Лев Сергеевич протянул мне кружку с напитком и только
— Хочу отметить, Семен Семенович, что почерк ваш становится из недели в неделю все лучше. Чего не скажешь о грамотности.
— Не все сразу. Еще пара лет заключения и смогу зарабатывать переписыванием бумаг, как Акакий Акакиевич.
— Акакий Акакиевич Башмачников, если помните, был титулярный советник.
— Вы же знаете, Лев Сергеевич, какая дырявая моя память. Тут помню, тут не помню. Титулярный советник это вроде что-то типа штабс-капитана или капитана в армии? И какое нынче жалование у титулярного советника?
— Около трехсот рублей кредитными билетами в год. Может чуть больше. Плюс доплаты в зависимости от выслуги, места, наград. Во времена Гоголя жалование было хоть и меньше, да серебро дороже, да и цены на прожитье божеские.
— Сто пятьдесят рублей за шинель, — усмехнулся я.
— Шинель да мундир тогда были дороже, — признал армянин. — Мой дядя в чине коллежского регистратора получал двести двадцать рублей ассигнациями в год, да столько же как выездной гайдук генерала Багратиона, Петра Романовича.
— Как это, чиновник и вдруг выездной гайдук? — удивился я.
— В те года многие чиновники совмещали службу с подработкой швейцарами, лакеями, кучерами. Дядя был бравый мужчина, и Петр Романович его приметил, когда еще был поручиком. И брал его с собой даже в заграничные поездки. Считай десять лет дядя прокатался по заграницам, с сохранением оклада и старшинства по службе. А потом совместительство запретили, и дядя уволился со службы.
Мне подумалось, что каждый день в прошлом добавляет что-то новое в копилку знаний, чего не вычитаешь в учебниках истории.
— Раз речь о чиновниках и переписке… Помните вы просили по возможности узнать о судьбе Ефима Севостьянова, задержанного вместе с вами? Я писал знакомцу в Иркутске и получил ответ.
— У вас, Лев Сергеевич, везде знакомцы…
— Важные друзья — для важных дел, говорил Грациан Бальтазар. Ну а приятели для повседневных. Так вот, мой давний приятель, которого забросило в Сибирь, написал мне, что Ефим ваш под арестом не задержался. Там скользкий момент был с хищением им старообрядческой книги псалмов, но к счастью раскольничьи книги полиция за ценное имущество не считает. Вроде как потерялась она у них. А потому Ефим ныне на свободе, хоть и без права выезда из Иркутска. Он сейчас сторожем у статской советницы Морошкиной.

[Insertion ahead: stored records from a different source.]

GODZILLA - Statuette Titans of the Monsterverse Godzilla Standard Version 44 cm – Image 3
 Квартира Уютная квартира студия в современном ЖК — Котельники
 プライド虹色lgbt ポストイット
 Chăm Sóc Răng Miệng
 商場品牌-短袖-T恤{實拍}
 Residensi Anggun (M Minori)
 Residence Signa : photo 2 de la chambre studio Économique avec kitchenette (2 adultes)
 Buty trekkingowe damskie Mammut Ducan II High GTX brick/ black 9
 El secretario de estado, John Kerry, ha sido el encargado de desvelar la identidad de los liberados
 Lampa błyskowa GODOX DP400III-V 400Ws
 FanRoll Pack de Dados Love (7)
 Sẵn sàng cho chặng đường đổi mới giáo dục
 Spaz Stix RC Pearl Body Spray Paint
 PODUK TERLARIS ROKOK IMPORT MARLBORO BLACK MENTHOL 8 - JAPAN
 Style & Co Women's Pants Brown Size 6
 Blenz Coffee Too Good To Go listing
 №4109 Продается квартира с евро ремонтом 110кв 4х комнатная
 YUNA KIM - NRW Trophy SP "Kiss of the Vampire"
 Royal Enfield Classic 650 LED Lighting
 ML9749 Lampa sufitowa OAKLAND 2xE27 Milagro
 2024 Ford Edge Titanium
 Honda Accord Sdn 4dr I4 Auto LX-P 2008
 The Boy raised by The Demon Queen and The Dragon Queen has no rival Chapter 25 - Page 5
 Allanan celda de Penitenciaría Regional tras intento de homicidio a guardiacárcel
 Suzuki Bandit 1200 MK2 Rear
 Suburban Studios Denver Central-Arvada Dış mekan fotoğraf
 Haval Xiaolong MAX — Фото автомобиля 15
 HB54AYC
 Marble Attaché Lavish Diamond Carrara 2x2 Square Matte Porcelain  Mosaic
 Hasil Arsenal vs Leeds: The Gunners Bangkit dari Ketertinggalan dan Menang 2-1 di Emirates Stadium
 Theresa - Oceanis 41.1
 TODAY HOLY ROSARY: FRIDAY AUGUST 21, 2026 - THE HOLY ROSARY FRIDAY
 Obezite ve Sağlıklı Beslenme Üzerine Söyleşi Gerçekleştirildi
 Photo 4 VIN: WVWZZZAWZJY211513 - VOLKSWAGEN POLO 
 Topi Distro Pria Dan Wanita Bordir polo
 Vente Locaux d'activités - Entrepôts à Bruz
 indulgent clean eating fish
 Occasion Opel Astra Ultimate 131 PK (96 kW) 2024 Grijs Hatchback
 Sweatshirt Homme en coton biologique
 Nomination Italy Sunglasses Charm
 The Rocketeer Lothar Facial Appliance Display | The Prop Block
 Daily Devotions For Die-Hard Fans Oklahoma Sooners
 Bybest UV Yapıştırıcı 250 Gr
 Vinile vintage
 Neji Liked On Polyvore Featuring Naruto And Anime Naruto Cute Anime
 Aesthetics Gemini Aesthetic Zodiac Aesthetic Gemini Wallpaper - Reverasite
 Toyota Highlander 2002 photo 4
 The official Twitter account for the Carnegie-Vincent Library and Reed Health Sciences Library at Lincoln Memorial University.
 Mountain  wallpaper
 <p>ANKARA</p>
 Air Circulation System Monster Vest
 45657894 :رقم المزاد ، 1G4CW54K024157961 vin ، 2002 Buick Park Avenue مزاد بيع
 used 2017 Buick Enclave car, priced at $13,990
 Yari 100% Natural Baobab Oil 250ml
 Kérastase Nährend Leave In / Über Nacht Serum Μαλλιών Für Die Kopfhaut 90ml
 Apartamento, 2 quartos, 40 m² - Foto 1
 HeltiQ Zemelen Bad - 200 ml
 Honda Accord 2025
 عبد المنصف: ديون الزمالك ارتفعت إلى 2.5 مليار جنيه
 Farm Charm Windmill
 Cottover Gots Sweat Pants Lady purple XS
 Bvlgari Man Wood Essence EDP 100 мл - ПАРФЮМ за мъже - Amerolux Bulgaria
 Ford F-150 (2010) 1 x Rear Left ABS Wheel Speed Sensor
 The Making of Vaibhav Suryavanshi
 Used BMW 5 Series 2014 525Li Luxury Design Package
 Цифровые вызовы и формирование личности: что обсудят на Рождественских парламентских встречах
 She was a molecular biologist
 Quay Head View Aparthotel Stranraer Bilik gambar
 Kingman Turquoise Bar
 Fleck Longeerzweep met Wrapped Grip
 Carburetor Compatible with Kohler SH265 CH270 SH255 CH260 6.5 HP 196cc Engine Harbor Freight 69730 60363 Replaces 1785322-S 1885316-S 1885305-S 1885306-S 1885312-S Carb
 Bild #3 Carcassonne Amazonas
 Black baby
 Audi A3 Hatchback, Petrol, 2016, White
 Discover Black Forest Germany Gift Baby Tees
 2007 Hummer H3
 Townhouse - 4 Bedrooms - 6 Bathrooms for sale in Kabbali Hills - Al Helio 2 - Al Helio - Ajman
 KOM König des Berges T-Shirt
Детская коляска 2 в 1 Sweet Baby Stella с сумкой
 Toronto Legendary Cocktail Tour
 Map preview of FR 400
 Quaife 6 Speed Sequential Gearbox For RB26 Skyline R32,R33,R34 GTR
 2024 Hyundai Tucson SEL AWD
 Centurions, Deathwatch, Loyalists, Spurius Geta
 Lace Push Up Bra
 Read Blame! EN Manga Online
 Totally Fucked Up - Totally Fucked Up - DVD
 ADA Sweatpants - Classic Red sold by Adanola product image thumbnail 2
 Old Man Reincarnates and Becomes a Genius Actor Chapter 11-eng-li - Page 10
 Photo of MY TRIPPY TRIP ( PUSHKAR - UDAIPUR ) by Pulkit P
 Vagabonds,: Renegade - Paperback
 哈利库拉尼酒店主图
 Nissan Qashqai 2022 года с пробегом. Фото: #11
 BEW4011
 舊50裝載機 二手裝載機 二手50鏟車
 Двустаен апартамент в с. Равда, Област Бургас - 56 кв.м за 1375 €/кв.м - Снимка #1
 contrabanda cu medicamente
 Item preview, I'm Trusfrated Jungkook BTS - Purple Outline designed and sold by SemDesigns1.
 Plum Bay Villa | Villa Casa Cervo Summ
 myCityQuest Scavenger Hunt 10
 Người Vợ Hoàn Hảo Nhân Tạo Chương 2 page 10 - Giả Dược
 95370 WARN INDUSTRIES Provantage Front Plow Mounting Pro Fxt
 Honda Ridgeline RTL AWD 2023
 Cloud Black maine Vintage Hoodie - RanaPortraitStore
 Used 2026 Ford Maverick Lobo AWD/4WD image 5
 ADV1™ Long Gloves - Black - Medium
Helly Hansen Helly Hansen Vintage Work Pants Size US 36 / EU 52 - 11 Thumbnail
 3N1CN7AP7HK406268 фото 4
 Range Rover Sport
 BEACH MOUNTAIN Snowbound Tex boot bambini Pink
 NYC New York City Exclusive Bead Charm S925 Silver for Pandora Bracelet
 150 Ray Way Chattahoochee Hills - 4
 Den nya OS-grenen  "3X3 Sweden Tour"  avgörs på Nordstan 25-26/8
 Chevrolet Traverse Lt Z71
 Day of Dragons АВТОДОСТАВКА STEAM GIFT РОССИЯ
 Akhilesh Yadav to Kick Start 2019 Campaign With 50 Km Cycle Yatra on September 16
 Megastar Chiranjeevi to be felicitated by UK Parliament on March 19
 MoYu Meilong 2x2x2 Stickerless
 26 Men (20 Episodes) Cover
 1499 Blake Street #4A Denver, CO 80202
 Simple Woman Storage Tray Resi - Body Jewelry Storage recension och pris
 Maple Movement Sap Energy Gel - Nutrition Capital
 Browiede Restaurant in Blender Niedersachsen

— Анны Алексеевны? — припомнил я.
— Анны Алексеевны. А вы знакомы с госпожой статской советницей?
— Меня представляли ей, когда она посещала больницу, при которой я оказался. У Морошкиной в воспитанниках сын Ефима. Так что я могу быть за него спокоен.
— И еще, может быть вам интересно. Помните вы боялись мести старшего Оченковского? Теперь можете быть покойны. Адам Оченковский представился еще прошлым летом, аккурат сразу после большого иркутского пожара. Сердце, знаете ли.